## TRY IT
Every line of the listing below should be written out exactly, minus its images.

## SOURCE DATA
⁂

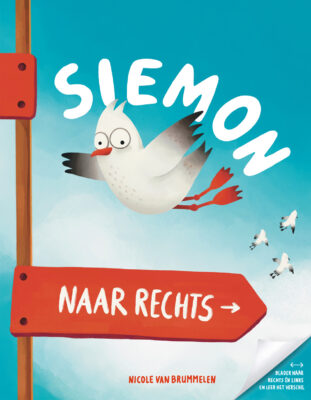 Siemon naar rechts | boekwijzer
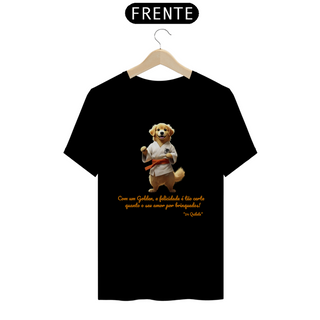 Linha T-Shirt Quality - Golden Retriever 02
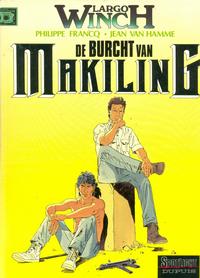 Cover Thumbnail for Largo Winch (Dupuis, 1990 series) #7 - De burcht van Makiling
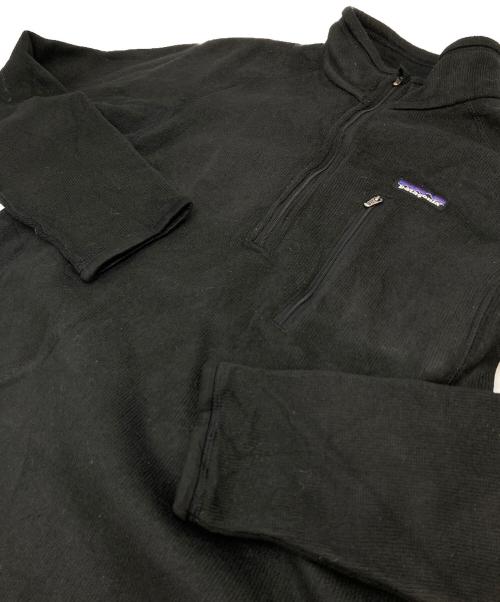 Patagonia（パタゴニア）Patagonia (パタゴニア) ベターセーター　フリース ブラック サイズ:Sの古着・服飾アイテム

⁂

## RESULT OF THE TASK
 Siemon naar rechts | boekwijzer
 Linha T-Shirt Quality - Golden Retriever 02
 Cover Thumbnail for Largo Winch (Dupuis, 1990 series) #7 - De burcht van Makiling
 Patagonia（パタゴニア）Patagonia (パタゴニア) ベターセーター　フリース ブラック サイズ:Sの古着・服飾アイテム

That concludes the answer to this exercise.